Analyses of crime and corruption tend, not surprisingly, to be long on description and short on empirical analysis. Statistics on amounts embezzled or number of people killed in a genocide lack precision, where they exist at all. This book sets out the clever use of the rare reliable statistics that are available to shed light on particular episodes of corruption or violence, and in particular on whether it is possible to design policies which change the incentives of those behaving in undesirable ways.

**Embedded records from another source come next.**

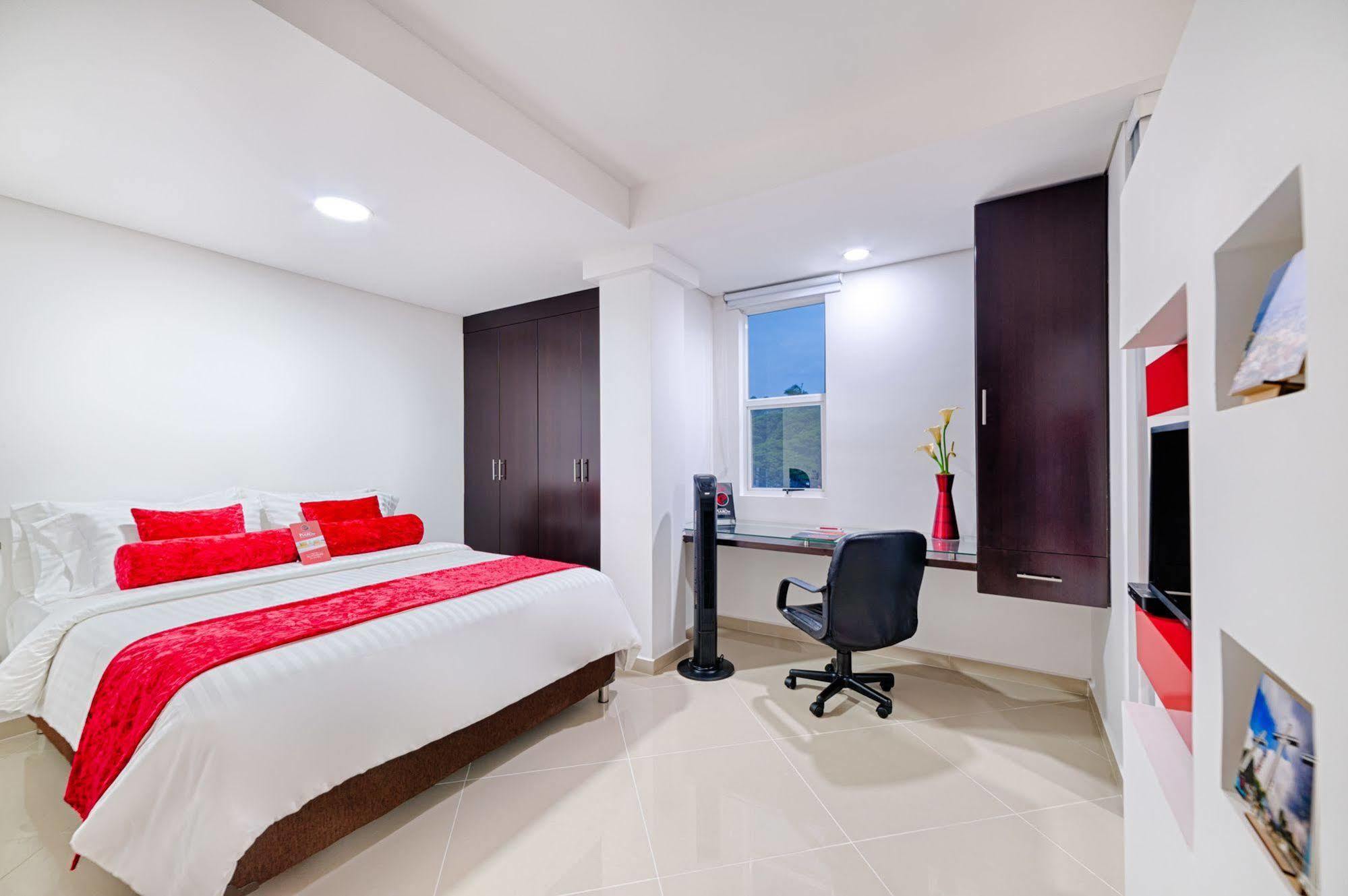 Hotel Piaro In Suites Cali Bagian luar foto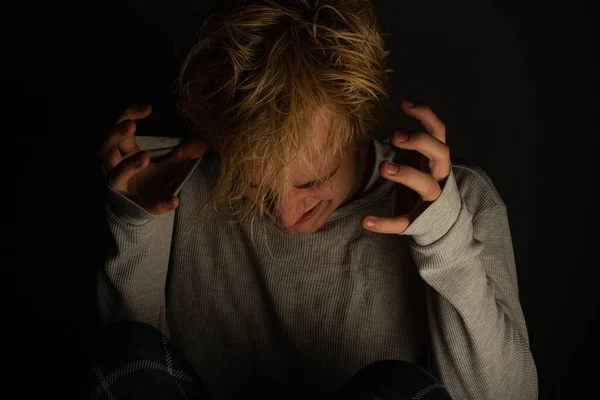 Gebrochener Junge Wird Von Der Angst Getroffen Während Mit Den — Stockfoto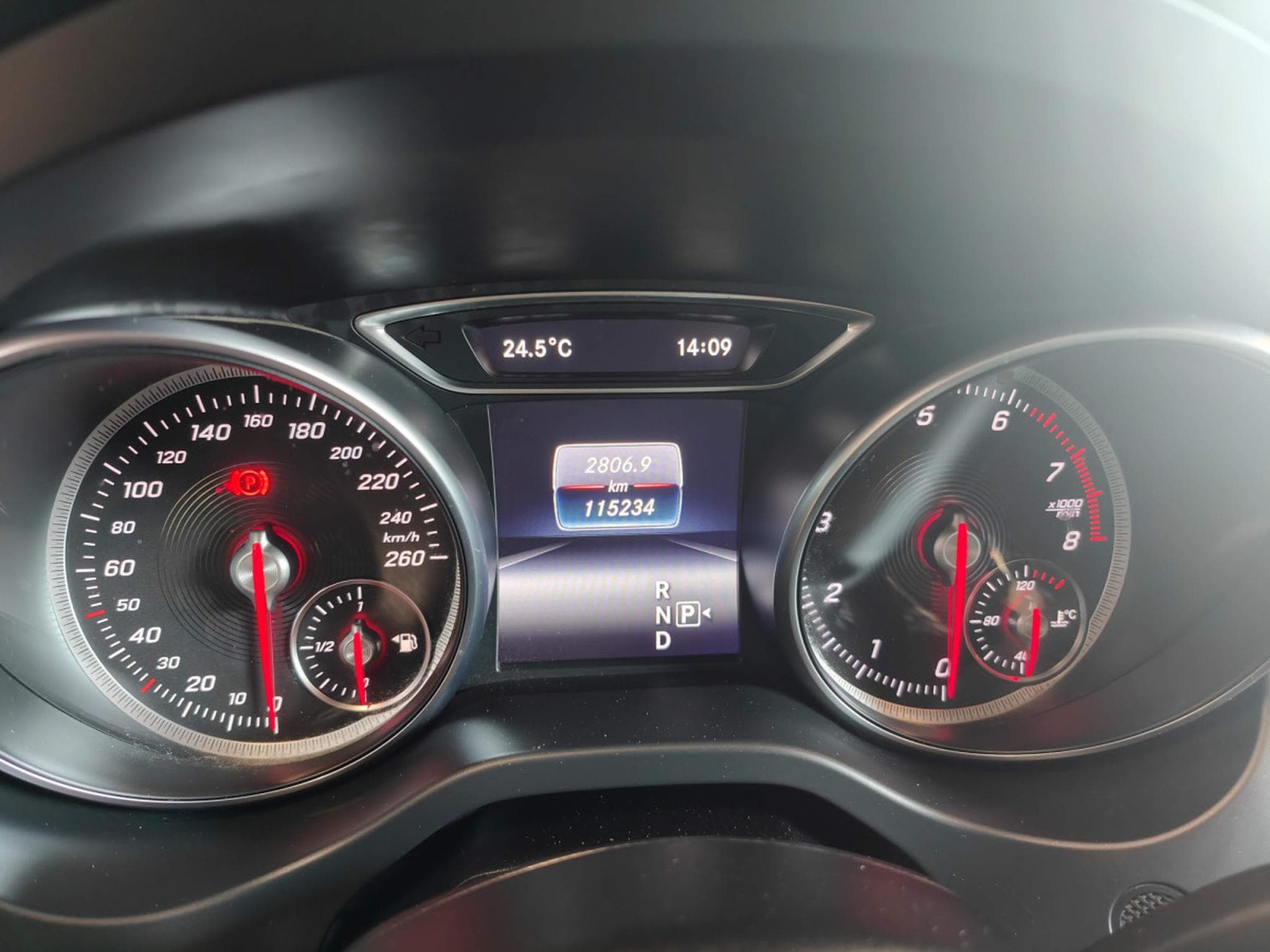 Mercedes GLA 200 200 PACK AMG GPS TOIT OUVRANT PANO SIEGES CHAUFFANTS (2018) - Photo 21
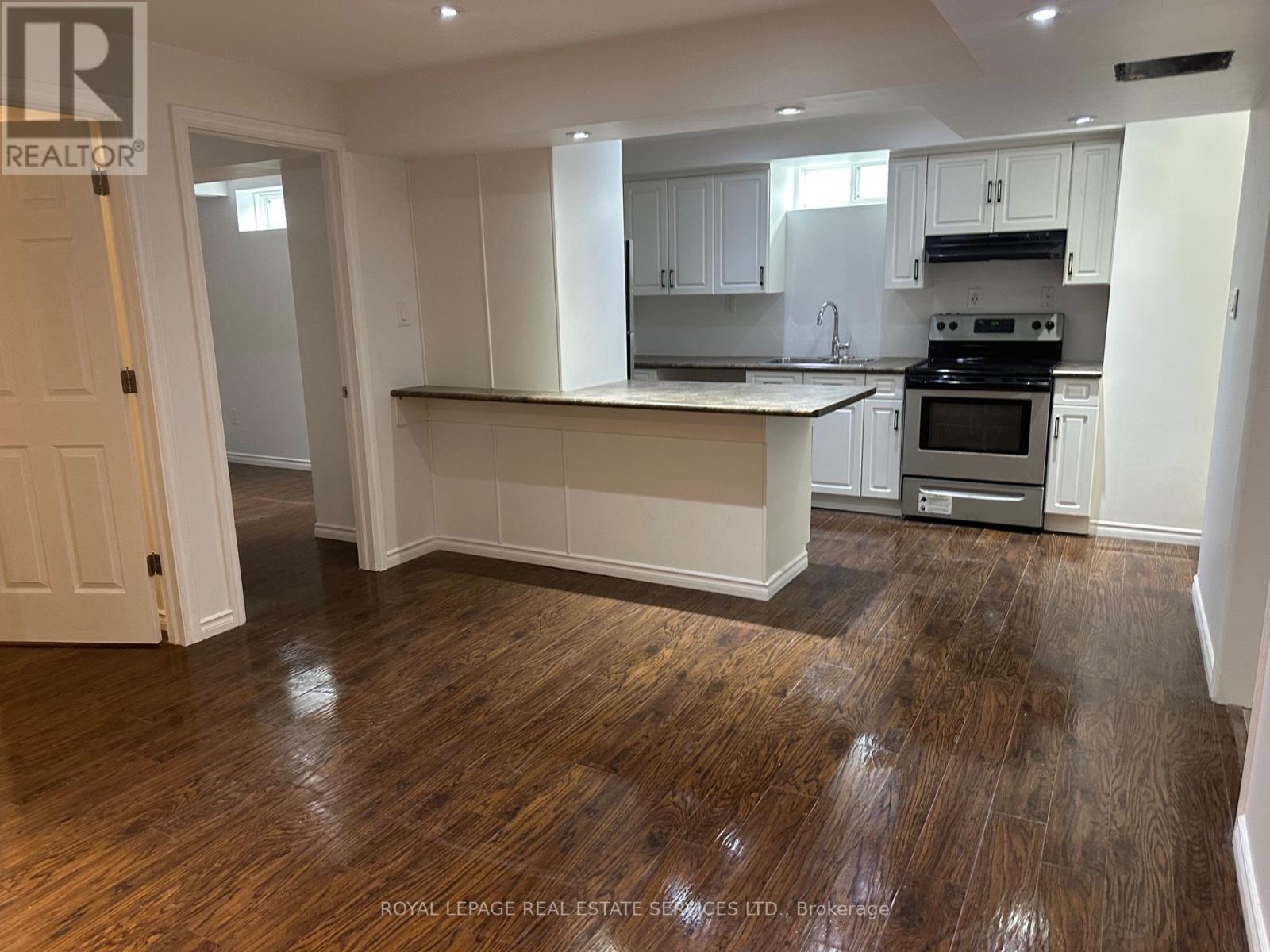 












BSMT - 1 GRUENWALD GATE E

,
Brampton,




Ontario
L6Y6C4

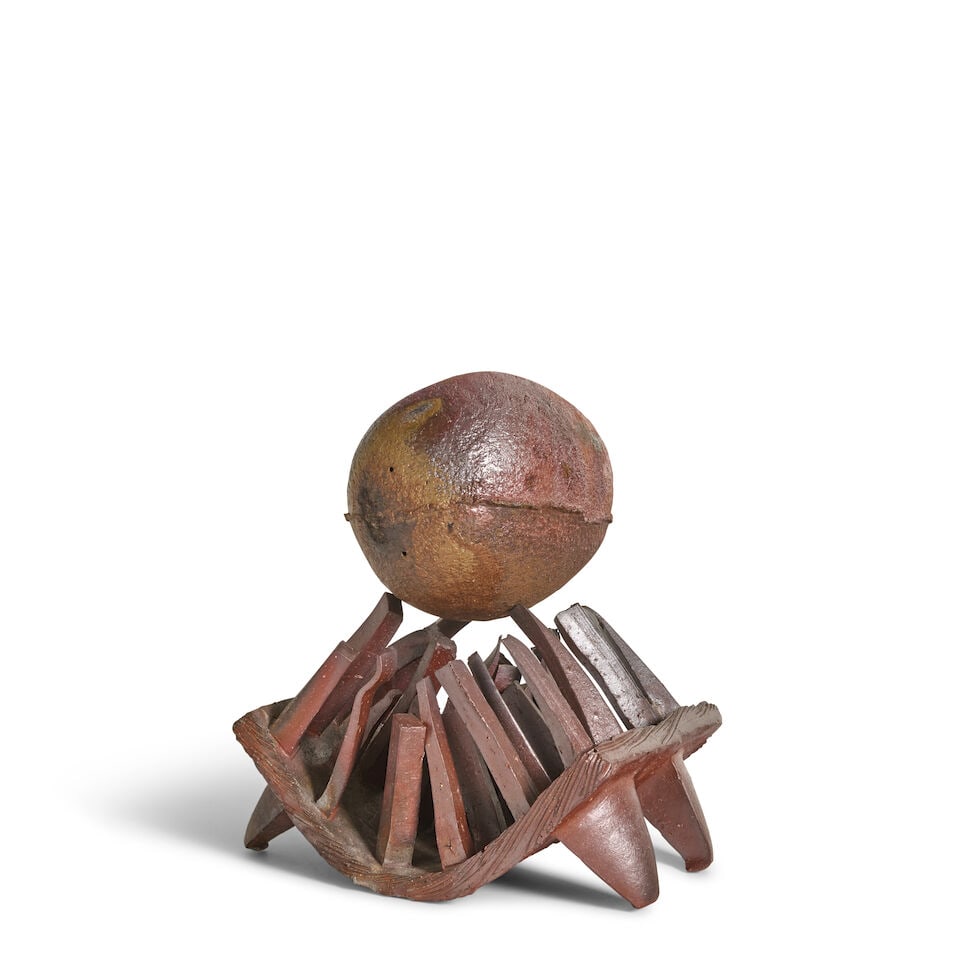 KANESHIGE KŌSUKE 金重晃介 (B.1943) Fuyū (Floating) Heisei era ...: KANESHIGE KŌSUKE 金重晃介 (B.1943) Fuyū (Floating) Heisei era (1989-2019), 20th century A two-piece sculpture made of Bizen clay, the upper piece able to be placed in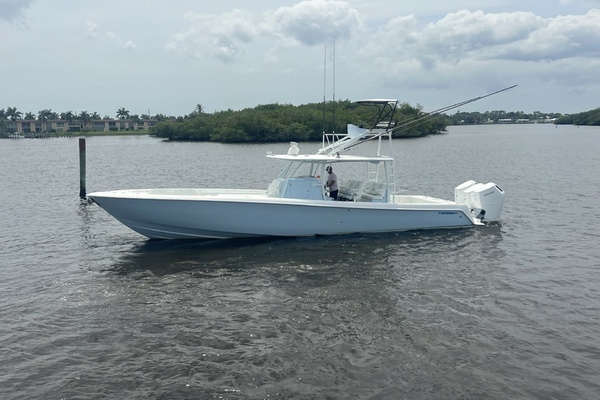 Photo of the 2023 Contender Center Console "DAKOTA CRUDE"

Some examples will help. One chapter focuses on the recurring cycles of poverty and violence in sub-Saharan Africa. Is it possible to break the cycle? To answer that, we need to understand the causality: is the root cause, say, ethnic division which leads to conflict and thus poverty because nobody plants crops or invests in education? Or is it poverty which leads to conflict, dressed up perhaps as ethnic rivalry? A hint that it is the latter comes from the fact that civil strife is rare in rich countries, whereas two thirds of African countries have been in conflict since 1980. But how to test this hypothesis?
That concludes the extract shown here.